La partie est loin d’être terminée.
Floréal Cuadrado
Notes :
- Pérez Jiménez (1914-2001) a dirigé le Venezuela de 1952 à 1958 par une dictature militaire. La politique menée par le dictateur favorisa les intérêts des États-Unis. Lors de sa chute, il s’exila dans ce pays et y vécut jusqu’en 1963. À cette date la politique américaine vis-à-vis du Venezuela changea et permit son extradition sous le motif de détournement de fonds publics pendant son mandat présidentiel. Il passa cinq ans en prison. Libéré en 1968, il s’exila définitivement en Espagne où il mourut.
- Fabricio Ojeda (1929-1966), il a été membre du parti URD et chef de la junte patriotique, pendant la clandestinité, qui mit fin à la dictature de Pérez Jiménez en 1958. Après la chute du dictateur, il est élu député à l’Assemblée constituante. La dérive pro-américaine du Venezuela le conduira en 1962 à se démettre publiquement de son mandat et de rejoindre la lutte armée. Quelques mois plus tard, il est arrêté et condamné, pour rébellion militaire, à 18 ans de prison. Il s’évade dans les semaines qui suivent. Le 1er janvier 1963, en compagnie de Douglas Bravo et des autres chefs de guérilla, les différents fronts révolutionnaires sont unis et cela donne naissance aux FALN (Fuerzas Armadas de Liberación Nacional). Il en devient le comandante. Il est à nouveau arrêté en 1966 à Caracas et est assassiné dans les locaux de la police politique quatre jours après son arrestation. Douglas Bravo lui succède à la tête des FALN.
- Bandera Roja (BR) fut fondée en 1970 et participa à la guérilla. À ses origines c’était un parti marxiste-léniniste influencé par les thèses de l’Albanais Enver Hoxha. Au début des années 1990, il abandonne la lutte armée et dans un premier temps appuya le gouvernement de Chávez. En 1998, c’est la rupture avec les chavistes. BR rejoint l’opposition dans la Coordination démocratique. En 2010 ce parti participe aux élections au sein de la MUD, mouvement regroupant l’ensemble des partis d’opposition. Depuis la mort de Chávez, ce parti poursuit son combat contre le chavisme et le président Maduro.
- Teodoro Petkoff a suivi la voie classique de la plupart des guérilleros vénézuéliens. Il a d’abord milité au PCV et il rejoint la guérilla sous les ordres de Douglas Bravo. Plus tard, il fonde le Mouvement au socialisme (MAS). En 1993, lors de l’élection présidentielle, il appuie la candidature de Rafael Caldera qui est élu et il devient ministre de Cordiplan (Officine centrale de coordination et planification).

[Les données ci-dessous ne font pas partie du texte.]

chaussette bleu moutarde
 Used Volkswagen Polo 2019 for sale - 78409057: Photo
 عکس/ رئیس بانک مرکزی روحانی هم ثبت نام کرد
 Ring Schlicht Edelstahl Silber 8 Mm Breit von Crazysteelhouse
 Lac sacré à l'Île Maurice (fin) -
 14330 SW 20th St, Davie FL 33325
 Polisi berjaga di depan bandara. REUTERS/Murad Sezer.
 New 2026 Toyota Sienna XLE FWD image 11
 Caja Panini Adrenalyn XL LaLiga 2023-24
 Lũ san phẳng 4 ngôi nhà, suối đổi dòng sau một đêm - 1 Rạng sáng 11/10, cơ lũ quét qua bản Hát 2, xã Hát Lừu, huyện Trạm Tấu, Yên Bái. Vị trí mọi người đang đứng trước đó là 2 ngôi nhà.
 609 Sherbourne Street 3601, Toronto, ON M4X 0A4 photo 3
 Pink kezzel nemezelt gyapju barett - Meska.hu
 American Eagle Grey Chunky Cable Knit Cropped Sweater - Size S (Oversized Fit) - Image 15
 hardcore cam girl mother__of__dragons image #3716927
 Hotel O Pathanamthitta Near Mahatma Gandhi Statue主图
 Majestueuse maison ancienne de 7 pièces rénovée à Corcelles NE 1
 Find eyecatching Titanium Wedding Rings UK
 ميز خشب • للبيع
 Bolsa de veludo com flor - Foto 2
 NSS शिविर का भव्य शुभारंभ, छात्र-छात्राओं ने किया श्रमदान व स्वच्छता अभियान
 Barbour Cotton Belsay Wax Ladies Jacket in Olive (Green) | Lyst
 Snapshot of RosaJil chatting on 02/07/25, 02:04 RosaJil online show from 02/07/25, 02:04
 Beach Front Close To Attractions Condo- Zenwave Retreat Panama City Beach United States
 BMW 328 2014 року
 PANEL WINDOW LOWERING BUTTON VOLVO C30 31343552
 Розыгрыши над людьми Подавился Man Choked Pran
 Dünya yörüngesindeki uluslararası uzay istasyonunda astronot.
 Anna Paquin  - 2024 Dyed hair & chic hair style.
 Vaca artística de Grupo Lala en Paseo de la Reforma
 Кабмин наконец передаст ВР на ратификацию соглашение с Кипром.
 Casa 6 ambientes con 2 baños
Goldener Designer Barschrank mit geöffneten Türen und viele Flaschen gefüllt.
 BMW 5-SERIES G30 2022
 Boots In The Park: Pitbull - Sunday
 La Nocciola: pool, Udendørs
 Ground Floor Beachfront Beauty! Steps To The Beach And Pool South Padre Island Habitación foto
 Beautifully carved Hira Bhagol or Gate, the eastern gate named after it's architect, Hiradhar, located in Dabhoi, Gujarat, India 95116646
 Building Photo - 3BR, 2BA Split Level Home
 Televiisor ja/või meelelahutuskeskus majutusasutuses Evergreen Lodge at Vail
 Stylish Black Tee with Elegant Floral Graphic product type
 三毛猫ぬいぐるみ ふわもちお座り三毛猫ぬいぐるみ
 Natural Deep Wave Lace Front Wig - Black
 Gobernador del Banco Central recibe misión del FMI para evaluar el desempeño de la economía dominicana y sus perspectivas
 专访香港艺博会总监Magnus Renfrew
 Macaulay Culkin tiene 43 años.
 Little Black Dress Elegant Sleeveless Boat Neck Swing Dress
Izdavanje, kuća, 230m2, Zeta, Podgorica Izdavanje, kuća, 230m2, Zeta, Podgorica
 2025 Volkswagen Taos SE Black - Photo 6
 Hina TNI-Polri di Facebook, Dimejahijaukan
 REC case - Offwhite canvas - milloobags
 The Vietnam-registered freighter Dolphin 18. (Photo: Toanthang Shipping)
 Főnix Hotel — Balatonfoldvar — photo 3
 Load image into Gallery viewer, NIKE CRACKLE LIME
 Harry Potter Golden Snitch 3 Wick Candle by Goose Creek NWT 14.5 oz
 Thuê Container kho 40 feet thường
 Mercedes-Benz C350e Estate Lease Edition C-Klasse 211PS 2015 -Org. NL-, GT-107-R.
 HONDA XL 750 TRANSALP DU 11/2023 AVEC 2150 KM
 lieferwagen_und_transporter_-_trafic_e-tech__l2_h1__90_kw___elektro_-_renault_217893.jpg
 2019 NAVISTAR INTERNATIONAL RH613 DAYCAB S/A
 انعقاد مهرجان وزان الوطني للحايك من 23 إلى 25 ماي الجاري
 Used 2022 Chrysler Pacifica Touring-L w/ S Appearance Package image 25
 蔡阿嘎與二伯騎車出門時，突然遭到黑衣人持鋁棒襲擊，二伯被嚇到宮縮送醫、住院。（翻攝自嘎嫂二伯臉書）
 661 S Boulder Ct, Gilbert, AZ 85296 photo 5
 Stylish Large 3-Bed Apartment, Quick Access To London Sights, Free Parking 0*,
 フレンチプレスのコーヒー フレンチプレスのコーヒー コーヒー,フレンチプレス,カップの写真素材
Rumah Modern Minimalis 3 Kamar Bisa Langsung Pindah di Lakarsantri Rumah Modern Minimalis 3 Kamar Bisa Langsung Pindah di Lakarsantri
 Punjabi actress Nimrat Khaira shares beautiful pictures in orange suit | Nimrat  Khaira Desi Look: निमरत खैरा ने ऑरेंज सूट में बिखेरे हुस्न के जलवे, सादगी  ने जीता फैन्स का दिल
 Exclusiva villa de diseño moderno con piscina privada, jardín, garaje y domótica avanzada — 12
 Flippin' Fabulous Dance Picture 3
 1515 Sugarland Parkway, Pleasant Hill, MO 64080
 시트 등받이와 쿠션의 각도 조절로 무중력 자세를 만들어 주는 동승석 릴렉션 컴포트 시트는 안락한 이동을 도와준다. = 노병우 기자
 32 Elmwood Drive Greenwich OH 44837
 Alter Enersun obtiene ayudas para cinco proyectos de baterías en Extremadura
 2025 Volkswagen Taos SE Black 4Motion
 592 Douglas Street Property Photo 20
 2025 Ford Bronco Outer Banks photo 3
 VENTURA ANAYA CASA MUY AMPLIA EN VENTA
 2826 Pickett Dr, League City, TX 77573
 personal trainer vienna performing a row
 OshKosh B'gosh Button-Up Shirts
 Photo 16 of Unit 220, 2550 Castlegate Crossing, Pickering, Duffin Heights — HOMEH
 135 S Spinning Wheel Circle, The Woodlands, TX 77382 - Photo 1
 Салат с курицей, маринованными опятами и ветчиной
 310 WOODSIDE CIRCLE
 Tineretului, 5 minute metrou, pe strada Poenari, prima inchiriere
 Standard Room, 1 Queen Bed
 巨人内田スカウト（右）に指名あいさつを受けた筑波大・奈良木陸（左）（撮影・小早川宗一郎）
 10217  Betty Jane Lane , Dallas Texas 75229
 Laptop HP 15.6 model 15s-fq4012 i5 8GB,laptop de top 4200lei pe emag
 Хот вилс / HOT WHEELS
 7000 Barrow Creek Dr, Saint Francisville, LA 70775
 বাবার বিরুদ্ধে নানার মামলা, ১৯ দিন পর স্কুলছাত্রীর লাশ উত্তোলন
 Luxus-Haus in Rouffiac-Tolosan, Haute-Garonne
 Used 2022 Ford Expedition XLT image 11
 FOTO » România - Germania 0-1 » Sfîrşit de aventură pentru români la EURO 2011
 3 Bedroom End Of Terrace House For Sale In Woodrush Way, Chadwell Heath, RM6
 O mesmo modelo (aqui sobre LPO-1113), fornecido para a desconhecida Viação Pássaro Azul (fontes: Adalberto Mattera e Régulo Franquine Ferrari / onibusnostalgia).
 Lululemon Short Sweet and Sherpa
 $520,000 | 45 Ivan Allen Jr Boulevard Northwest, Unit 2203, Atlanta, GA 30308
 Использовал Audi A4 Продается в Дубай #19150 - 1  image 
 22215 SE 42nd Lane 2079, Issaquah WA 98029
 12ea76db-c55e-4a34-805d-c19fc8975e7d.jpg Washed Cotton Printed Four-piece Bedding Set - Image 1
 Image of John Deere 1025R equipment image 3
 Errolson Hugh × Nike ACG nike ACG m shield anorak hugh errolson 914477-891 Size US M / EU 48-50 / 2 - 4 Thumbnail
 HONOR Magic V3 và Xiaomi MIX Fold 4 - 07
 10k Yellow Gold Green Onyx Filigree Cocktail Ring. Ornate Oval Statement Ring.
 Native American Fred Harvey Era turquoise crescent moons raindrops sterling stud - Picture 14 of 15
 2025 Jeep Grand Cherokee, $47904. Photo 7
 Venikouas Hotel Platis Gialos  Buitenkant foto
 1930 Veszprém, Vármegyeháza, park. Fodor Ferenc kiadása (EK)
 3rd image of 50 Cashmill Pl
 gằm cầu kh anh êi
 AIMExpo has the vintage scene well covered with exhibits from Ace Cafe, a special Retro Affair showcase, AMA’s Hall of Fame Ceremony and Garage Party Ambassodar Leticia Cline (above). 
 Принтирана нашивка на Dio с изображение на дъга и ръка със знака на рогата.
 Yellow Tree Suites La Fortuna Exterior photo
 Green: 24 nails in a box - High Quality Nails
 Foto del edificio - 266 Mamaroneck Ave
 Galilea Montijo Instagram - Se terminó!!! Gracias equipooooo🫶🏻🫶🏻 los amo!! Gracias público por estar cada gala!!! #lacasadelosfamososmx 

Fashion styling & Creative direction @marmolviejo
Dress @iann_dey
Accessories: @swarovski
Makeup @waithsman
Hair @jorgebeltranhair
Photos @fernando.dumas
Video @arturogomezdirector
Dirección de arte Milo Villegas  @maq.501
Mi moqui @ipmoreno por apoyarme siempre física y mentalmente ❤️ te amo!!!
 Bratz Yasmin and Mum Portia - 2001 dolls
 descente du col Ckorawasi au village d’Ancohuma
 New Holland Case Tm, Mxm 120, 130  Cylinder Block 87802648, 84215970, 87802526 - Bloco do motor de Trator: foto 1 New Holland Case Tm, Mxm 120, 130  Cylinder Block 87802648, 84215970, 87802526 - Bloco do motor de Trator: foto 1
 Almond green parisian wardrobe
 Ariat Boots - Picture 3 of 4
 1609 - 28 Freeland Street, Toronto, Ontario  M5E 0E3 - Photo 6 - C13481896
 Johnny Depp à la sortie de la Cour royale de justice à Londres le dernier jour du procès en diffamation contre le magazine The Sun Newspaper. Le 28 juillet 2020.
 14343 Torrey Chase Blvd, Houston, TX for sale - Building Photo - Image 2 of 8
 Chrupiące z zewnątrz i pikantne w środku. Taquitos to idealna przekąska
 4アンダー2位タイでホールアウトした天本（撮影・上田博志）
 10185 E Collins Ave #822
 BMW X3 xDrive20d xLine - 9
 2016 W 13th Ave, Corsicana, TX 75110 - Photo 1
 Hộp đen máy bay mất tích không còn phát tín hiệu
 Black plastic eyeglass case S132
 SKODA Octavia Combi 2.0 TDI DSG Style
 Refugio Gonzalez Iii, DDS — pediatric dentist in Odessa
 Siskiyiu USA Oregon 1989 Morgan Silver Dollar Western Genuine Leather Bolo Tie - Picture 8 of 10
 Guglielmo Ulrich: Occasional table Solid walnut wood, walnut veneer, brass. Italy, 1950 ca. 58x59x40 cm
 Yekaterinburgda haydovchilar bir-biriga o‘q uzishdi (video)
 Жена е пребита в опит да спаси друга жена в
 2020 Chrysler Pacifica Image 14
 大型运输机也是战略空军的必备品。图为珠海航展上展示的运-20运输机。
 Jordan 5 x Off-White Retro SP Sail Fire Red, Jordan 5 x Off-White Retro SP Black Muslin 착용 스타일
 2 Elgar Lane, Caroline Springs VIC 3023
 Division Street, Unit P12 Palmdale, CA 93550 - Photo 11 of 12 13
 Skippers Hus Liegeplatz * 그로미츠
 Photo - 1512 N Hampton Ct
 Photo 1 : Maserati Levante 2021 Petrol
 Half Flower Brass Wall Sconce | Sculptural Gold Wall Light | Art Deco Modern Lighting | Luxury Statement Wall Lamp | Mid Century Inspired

- Rafael Caldera (1916-2009) est un avocat et un homme politique. Il a été un des fondateurs du parti démocrate-chrétien COPEI. Il a été élu pour la première fois en 1969 à la présidence de la République. Pendant son mandat, avec une certaine habileté, il posa les bases qui permirent au pays de sortir de la guérilla sans bain de sang. Il fut réélu en 1994 et fut le dernier président de la IVe République. Après la chute de Pérez Jiménez, le système politique vénézuélien imposait aux présidents de la République une fois leur mandat terminé de laisser passer deux élections avant de pouvoir être à nouveau candidat. Cette disposition avait pour but d’éviter que les présidents s’incrustent au pouvoir. Seuls Rafael Caldera et Carlos Andrés Pérez (1922-2010) furent deux fois élus présidents.
- Fernando Coronil (1944-2011). Est un anthropologue vénézuélien, professeur à la City University of New York. Ses réflexions sur l’anthropologie et l’histoire le conduisirent à être un des créateurs du programme multidisciplinaire intitulé Anthro-History. Il est l’auteur de nombreux articles et ouvrages. Le plus important est sans nul doute El Estado magico, Naturaleza, dinero y modernidad en Venezuela publié par les éditions Nueva Sociedad de Caracas.
- Ali Rodriguez a été un guérillero très proche de Douglas Bravo. Au sein de la guérilla, il s’occupa des questions énergétiques. Ce qui fit lorsque Chávez fut élu président qu’il devint ministre de l’Energie et des mines. Il fut secrétaire général de l’OPEP pour la période 2001-2002. Sa politique à ce poste fut de réduire la production pétrolière des pays membres de l’OPEP par des quotas ce qu’il parvint à réaliser et mit fin au pétrole bon marché.